__What needs to be done__:
Set out exactly every line of the entries below, starting at the line that holds "Christmas Tree Farm" and stopping after the line that holds "Medium White Steel".

__Source records__:
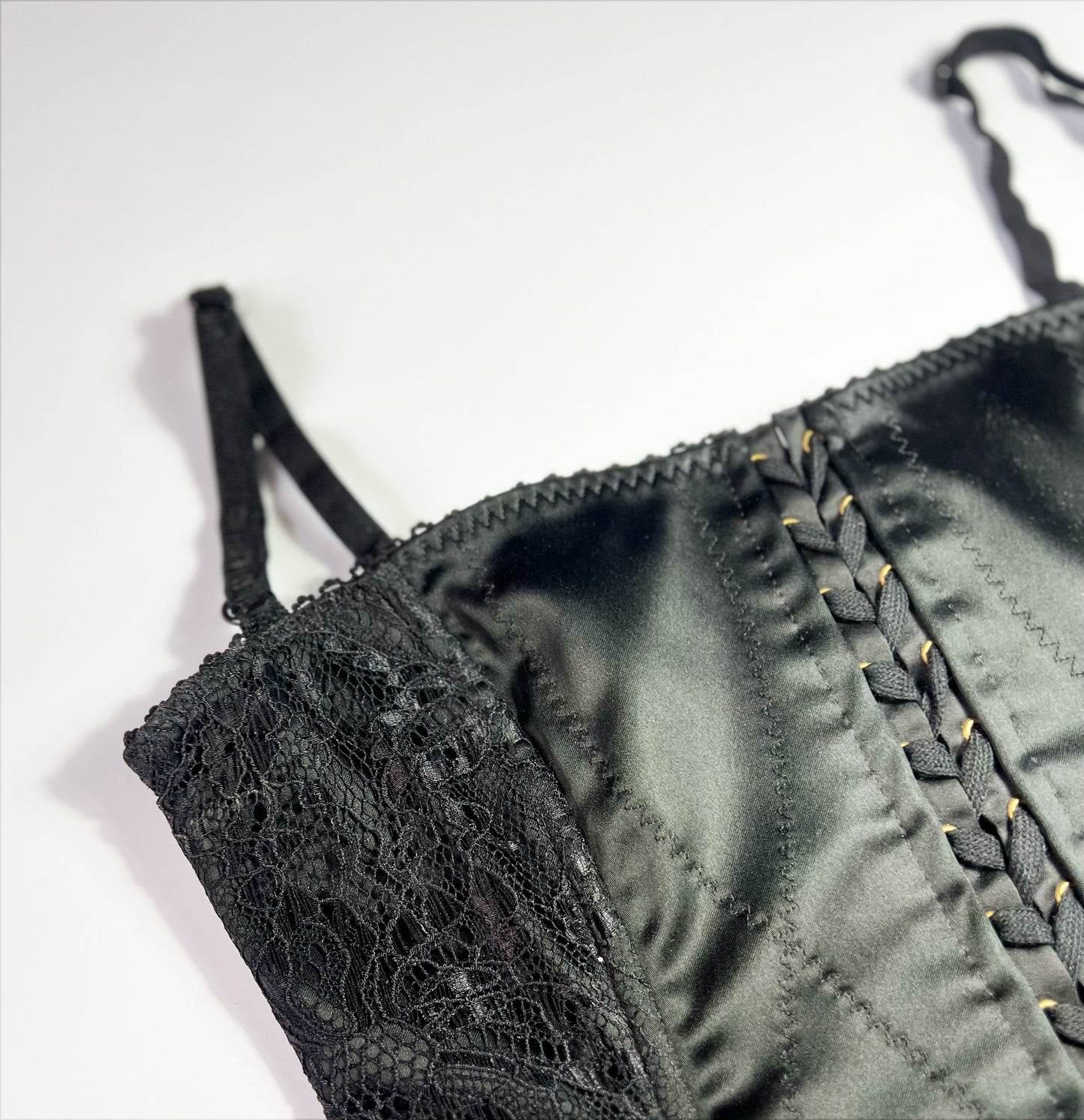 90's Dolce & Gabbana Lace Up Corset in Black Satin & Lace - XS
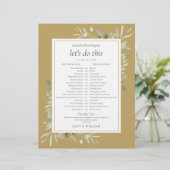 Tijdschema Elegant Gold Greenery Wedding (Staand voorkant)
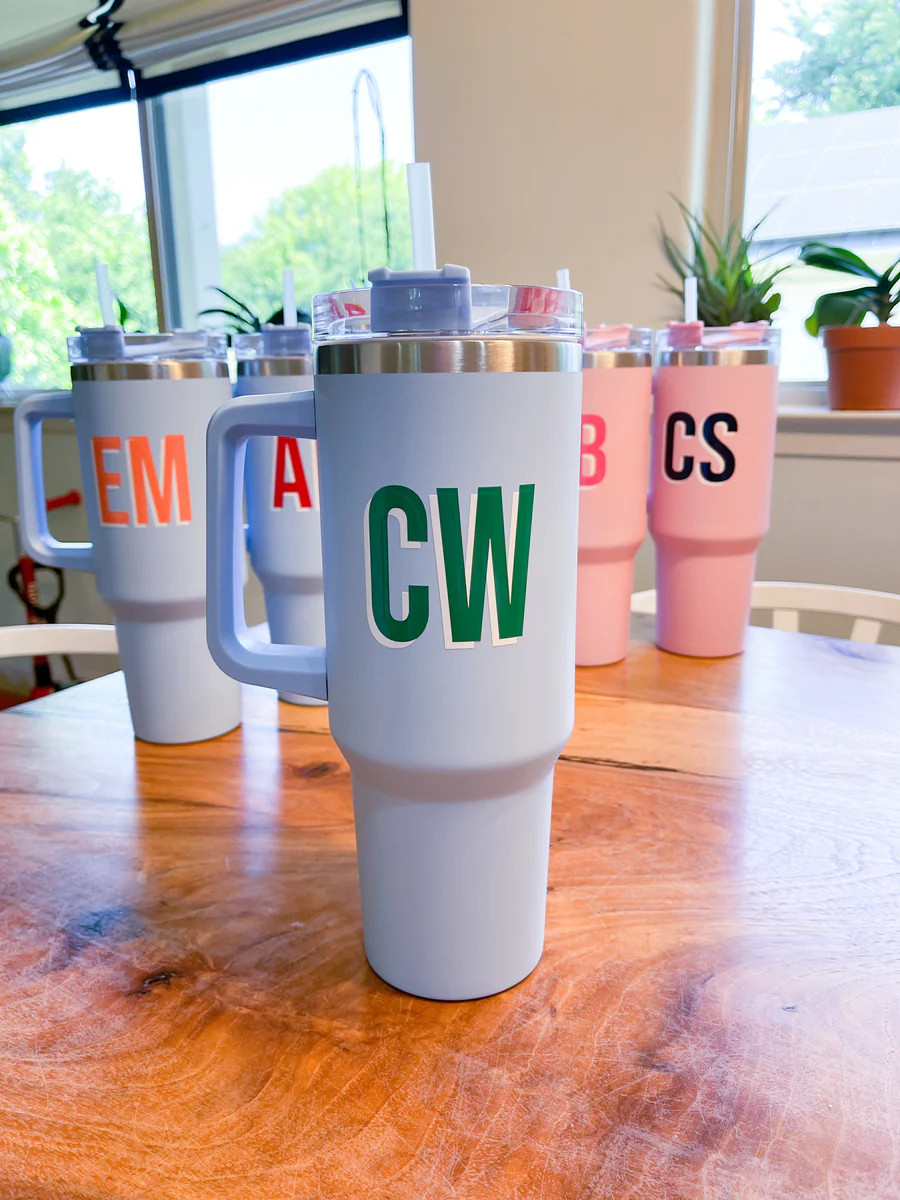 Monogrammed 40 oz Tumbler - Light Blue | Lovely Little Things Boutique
* * *
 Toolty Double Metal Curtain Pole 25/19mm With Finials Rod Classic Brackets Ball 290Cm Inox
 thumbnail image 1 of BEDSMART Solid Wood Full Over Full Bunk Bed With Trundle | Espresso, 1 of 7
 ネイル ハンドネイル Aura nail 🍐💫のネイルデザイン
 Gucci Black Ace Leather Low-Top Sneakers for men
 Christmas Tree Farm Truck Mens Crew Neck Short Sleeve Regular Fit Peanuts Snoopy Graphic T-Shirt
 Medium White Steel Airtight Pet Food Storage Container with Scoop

__The answer__:
 Christmas Tree Farm Truck Mens Crew Neck Short Sleeve Regular Fit Peanuts Snoopy Graphic T-Shirt
 Medium White Steel Airtight Pet Food Storage Container with Scoop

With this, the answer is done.